If you are looking to make it a perfect resto #s match, etc. Keep the vinyl. If you are looking to just do a new paint new interior, and a little engine rebuild then peel that rotten vinyl off and get 20 or so G's for it.

Personally I would keep the car and turn it into a 600hp Z06 hunter.:rofl:


----------



## hottrodd57 (Jul 27, 2006)

THANK FOR THE INPUT, AND HEY ARCH&69, i PLAN ON KEEPING THE CAR AND DOING A FULL RESTORATION AND IT AND AT THE MOST DELETE THE VINYL ROOF AND CHANGE THE COLOR. THE DRIVETRAIN IS A # MATCHING CAR. THE OLD GIRL IS WORE OUT, BUT IT ALL THERE. i JUST DIDN'T WANT TO FULLY RESTORE IT AND HAVE EVERYONE TELL ME IT WOULD BE A MORE DESIRABLE CAR IF IT DIDN'T HAVE THE VINYL ROOF AND WAS A DIFFERENT COLOR. THAT WAS WHAT i WAS ASKING.


----------



## 05GTO (Oct 6, 2004)

67/04gto said:


> the more the car is oringal the more money it will bring.


:agree 

I purchased a 67 wednesday, today I was looking for collectors insurance and was told by my agent to have the car appraised.

The appraiser was not concerned that the paint did not match the data plate which called for a burgandy body with a black top. He was not concerned that the motor was not a numbers correct motor. 
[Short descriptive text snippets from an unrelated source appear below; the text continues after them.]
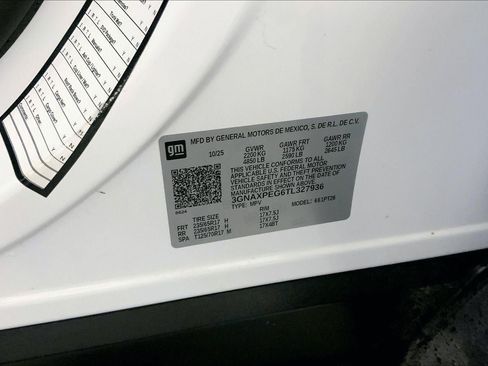Used 2026 Chevrolet Equinox LT AWD/4WD image 31
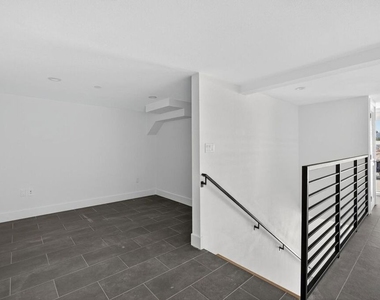2412 Eads Street - Photo Thumbnail 9
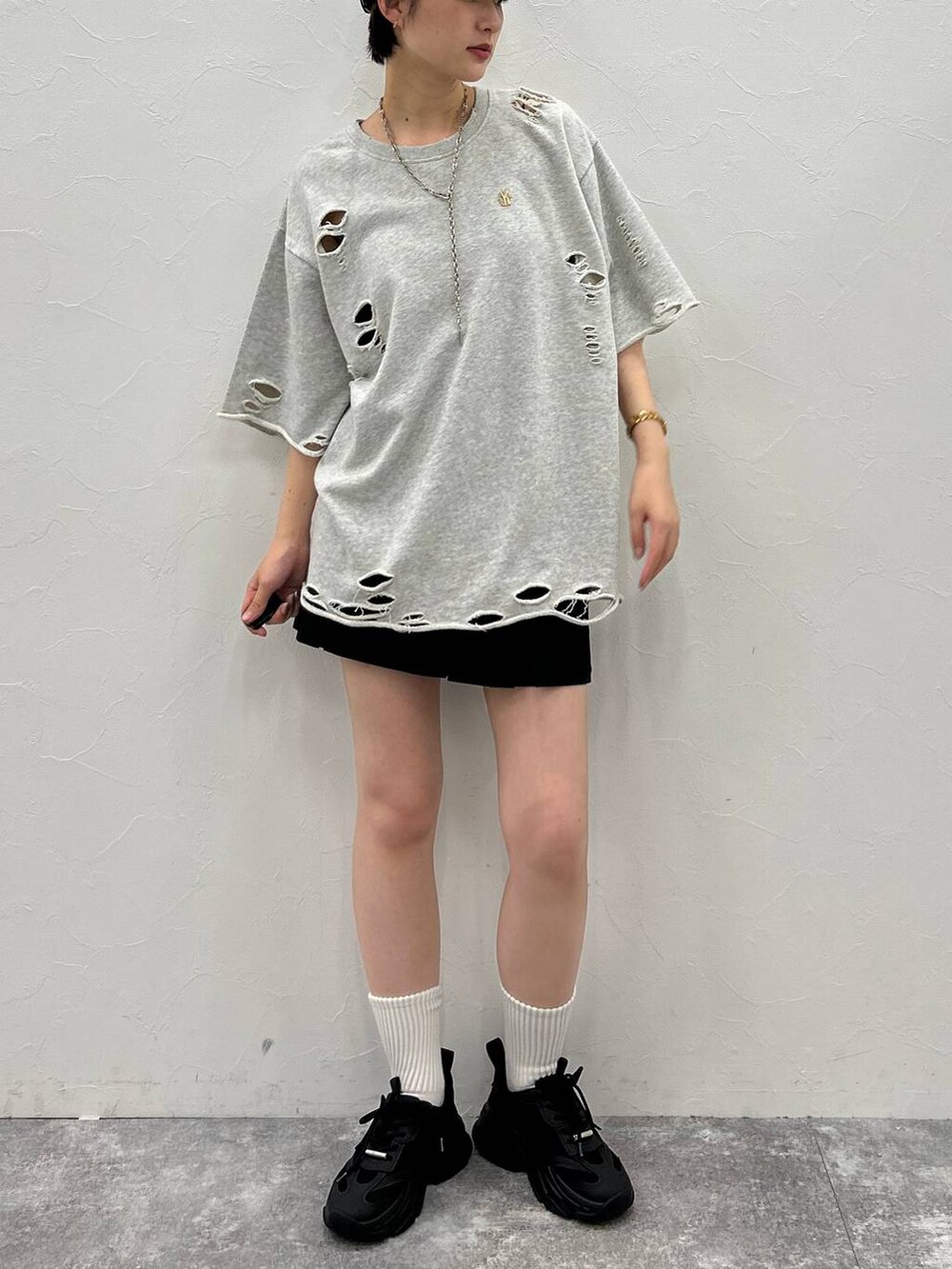 ブラック系のその他パンツ、グレー系のTシャツ/カットソー、ブラック系のキャップを着用したレディースの秋コーディネートの2枚目の写真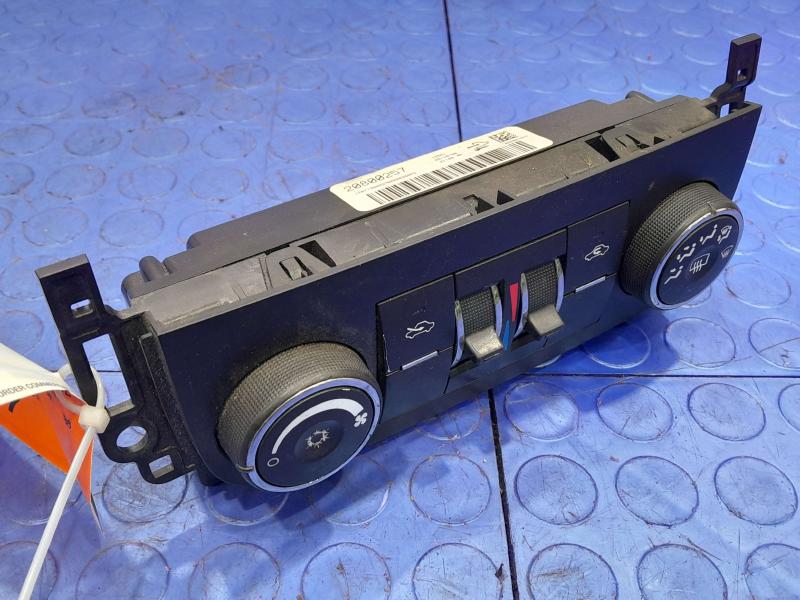 2009 Chevrolet Impala Heater A/C Control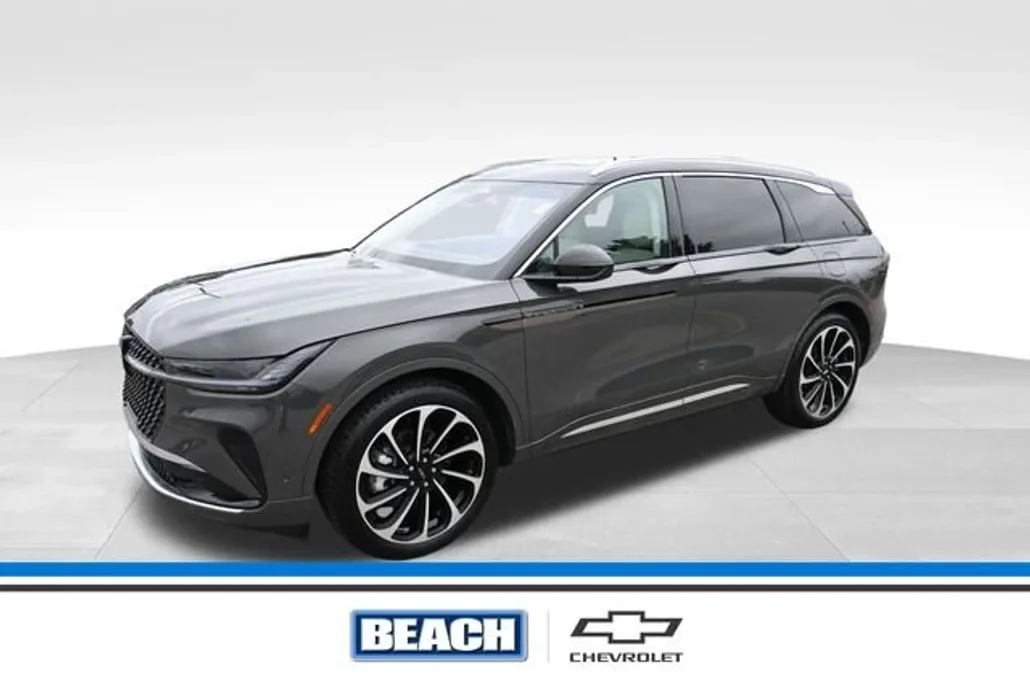 2024 Lincoln Nautilus Black Label photo 1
He appraised the car for $27K, the car is painted red with an xh 350 hp 400cid. pontiac engine. 

Do whatever makes you happy, there are plenty of people looking for these cars who don't care if the numbers match. If you plan to run it through Barrett Jackson then do a numbers correct restoration.

Just my 2 cents,


----------



## arch&69 (Jul 9, 2006)

hottrodd57 said:


> i PLAN ON KEEPING THE CAR AND DOING A FULL RESTORATION AND IT AND AT THE MOST DELETE THE VINYL ROOF AND CHANGE THE COLOR



Excellent. What color you planning? Mine was original liberty blue, now it is a custom midnight blue with just enough color to look blue in the day but pitch black at night.

And while you're doin the full resto, let the ol girl breathe. Not crazy, but a little more than stock will never hurt. Keep us posted on the resto.


----------



## hottrodd57 (Jul 27, 2006)

I will, i,m going to start work on it this weekend. to make the body perfect it could use a new r. 1/4 panel. I am looking at buying the new full 1/4 that opgi came out wiyh in may of this year. does anyone know about the fit & quality of these new gm licenced panels?


----------